What the task requires
Output everything in the listing exactly, with no line missing.

Data under study
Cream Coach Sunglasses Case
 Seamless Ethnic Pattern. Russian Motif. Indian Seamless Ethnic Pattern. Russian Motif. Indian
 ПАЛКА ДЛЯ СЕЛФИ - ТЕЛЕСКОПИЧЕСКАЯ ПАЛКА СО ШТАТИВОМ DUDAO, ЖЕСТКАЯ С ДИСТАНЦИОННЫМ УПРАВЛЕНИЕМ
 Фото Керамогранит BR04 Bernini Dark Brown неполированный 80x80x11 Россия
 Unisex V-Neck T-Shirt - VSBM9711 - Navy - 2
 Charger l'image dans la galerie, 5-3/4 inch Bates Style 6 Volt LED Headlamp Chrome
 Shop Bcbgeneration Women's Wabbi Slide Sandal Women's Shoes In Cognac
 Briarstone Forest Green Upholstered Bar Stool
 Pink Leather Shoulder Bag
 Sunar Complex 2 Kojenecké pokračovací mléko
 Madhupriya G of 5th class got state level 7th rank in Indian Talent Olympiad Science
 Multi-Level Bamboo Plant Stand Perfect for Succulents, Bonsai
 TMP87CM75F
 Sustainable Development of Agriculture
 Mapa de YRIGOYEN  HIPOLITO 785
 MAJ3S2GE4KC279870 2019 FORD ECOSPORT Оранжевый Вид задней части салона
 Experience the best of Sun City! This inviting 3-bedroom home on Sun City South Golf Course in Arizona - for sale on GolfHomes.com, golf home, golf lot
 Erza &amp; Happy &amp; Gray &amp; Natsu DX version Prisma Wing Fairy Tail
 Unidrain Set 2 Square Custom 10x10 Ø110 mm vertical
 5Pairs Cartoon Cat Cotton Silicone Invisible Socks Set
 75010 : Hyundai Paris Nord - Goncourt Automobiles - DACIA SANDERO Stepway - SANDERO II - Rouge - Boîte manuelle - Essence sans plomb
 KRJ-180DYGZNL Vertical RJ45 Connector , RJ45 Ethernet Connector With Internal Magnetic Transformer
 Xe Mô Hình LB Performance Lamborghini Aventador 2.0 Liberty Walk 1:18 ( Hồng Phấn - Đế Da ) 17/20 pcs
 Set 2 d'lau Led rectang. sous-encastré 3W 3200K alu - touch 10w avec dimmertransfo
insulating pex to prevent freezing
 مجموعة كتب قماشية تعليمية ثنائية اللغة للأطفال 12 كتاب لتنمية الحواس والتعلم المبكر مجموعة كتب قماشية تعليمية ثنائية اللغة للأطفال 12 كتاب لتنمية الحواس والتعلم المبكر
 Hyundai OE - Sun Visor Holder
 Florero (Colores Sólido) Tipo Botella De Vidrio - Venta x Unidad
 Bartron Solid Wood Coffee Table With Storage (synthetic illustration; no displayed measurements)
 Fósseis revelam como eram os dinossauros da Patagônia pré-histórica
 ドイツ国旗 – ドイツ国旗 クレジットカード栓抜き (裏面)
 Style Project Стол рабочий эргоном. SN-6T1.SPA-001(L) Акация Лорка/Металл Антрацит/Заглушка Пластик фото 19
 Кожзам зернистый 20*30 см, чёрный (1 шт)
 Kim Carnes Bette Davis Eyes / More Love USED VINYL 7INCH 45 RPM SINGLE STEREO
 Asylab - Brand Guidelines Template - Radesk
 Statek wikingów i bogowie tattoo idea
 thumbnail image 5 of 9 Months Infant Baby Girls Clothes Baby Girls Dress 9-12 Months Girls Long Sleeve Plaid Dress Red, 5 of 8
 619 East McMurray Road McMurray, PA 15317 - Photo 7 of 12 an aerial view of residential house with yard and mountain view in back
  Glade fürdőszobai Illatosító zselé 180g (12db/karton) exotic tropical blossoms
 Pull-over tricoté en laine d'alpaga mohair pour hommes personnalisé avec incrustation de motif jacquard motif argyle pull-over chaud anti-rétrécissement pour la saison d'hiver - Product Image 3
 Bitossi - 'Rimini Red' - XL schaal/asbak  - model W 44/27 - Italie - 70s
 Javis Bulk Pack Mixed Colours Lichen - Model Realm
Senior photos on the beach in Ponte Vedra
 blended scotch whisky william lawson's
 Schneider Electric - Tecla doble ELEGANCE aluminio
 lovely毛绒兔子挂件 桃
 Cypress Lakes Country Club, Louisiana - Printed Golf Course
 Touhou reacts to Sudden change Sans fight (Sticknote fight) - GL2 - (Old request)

Solution for this problem
Cream Coach Sunglasses Case
 Seamless Ethnic Pattern. Russian Motif. Indian Seamless Ethnic Pattern. Russian Motif. Indian
 ПАЛКА ДЛЯ СЕЛФИ - ТЕЛЕСКОПИЧЕСКАЯ ПАЛКА СО ШТАТИВОМ DUDAO, ЖЕСТКАЯ С ДИСТАНЦИОННЫМ УПРАВЛЕНИЕМ
 Фото Керамогранит BR04 Bernini Dark Brown неполированный 80x80x11 Россия
 Unisex V-Neck T-Shirt - VSBM9711 - Navy - 2
 Charger l'image dans la galerie, 5-3/4 inch Bates Style 6 Volt LED Headlamp Chrome
 Shop Bcbgeneration Women's Wabbi Slide Sandal Women's Shoes In Cognac
 Briarstone Forest Green Upholstered Bar Stool
 Pink Leather Shoulder Bag
 Sunar Complex 2 Kojenecké pokračovací mléko
 Madhupriya G of 5th class got state level 7th rank in Indian Talent Olympiad Science
 Multi-Level Bamboo Plant Stand Perfect for Succulents, Bonsai
 TMP87CM75F
 Sustainable Development of Agriculture
 Mapa de YRIGOYEN  HIPOLITO 785
 MAJ3S2GE4KC279870 2019 FORD ECOSPORT Оранжевый Вид задней части салона
 Experience the best of Sun City! This inviting 3-bedroom home on Sun City South Golf Course in Arizona - for sale on GolfHomes.com, golf home, golf lot
 Erza &amp; Happy &amp; Gray &amp; Natsu DX version Prisma Wing Fairy Tail
 Unidrain Set 2 Square Custom 10x10 Ø110 mm vertical
 5Pairs Cartoon Cat Cotton Silicone Invisible Socks Set
 75010 : Hyundai Paris Nord - Goncourt Automobiles - DACIA SANDERO Stepway - SANDERO II - Rouge - Boîte manuelle - Essence sans plomb
 KRJ-180DYGZNL Vertical RJ45 Connector , RJ45 Ethernet Connector With Internal Magnetic Transformer
 Xe Mô Hình LB Performance Lamborghini Aventador 2.0 Liberty Walk 1:18 ( Hồng Phấn - Đế Da ) 17/20 pcs
 Set 2 d'lau Led rectang. sous-encastré 3W 3200K alu - touch 10w avec dimmertransfo
insulating pex to prevent freezing
 مجموعة كتب قماشية تعليمية ثنائية اللغة للأطفال 12 كتاب لتنمية الحواس والتعلم المبكر مجموعة كتب قماشية تعليمية ثنائية اللغة للأطفال 12 كتاب لتنمية الحواس والتعلم المبكر
 Hyundai OE - Sun Visor Holder
 Florero (Colores Sólido) Tipo Botella De Vidrio - Venta x Unidad
 Bartron Solid Wood Coffee Table With Storage (synthetic illustration; no displayed measurements)
 Fósseis revelam como eram os dinossauros da Patagônia pré-histórica
 ドイツ国旗 – ドイツ国旗 クレジットカード栓抜き (裏面)
 Style Project Стол рабочий эргоном. SN-6T1.SPA-001(L) Акация Лорка/Металл Антрацит/Заглушка Пластик фото 19
 Кожзам зернистый 20*30 см, чёрный (1 шт)
 Kim Carnes Bette Davis Eyes / More Love USED VINYL 7INCH 45 RPM SINGLE STEREO
 Asylab - Brand Guidelines Template - Radesk
 Statek wikingów i bogowie tattoo idea
 thumbnail image 5 of 9 Months Infant Baby Girls Clothes Baby Girls Dress 9-12 Months Girls Long Sleeve Plaid Dress Red, 5 of 8
 619 East McMurray Road McMurray, PA 15317 - Photo 7 of 12 an aerial view of residential house with yard and mountain view in back
  Glade fürdőszobai Illatosító zselé 180g (12db/karton) exotic tropical blossoms
 Pull-over tricoté en laine d'alpaga mohair pour hommes personnalisé avec incrustation de motif jacquard motif argyle pull-over chaud anti-rétrécissement pour la saison d'hiver - Product Image 3
 Bitossi - 'Rimini Red' - XL schaal/asbak  - model W 44/27 - Italie - 70s
 Javis Bulk Pack Mixed Colours Lichen - Model Realm
Senior photos on the beach in Ponte Vedra
 blended scotch whisky william lawson's
 Schneider Electric - Tecla doble ELEGANCE aluminio
 lovely毛绒兔子挂件 桃
 Cypress Lakes Country Club, Louisiana - Printed Golf Course
 Touhou reacts to Sudden change Sans fight (Sticknote fight) - GL2 - (Old request)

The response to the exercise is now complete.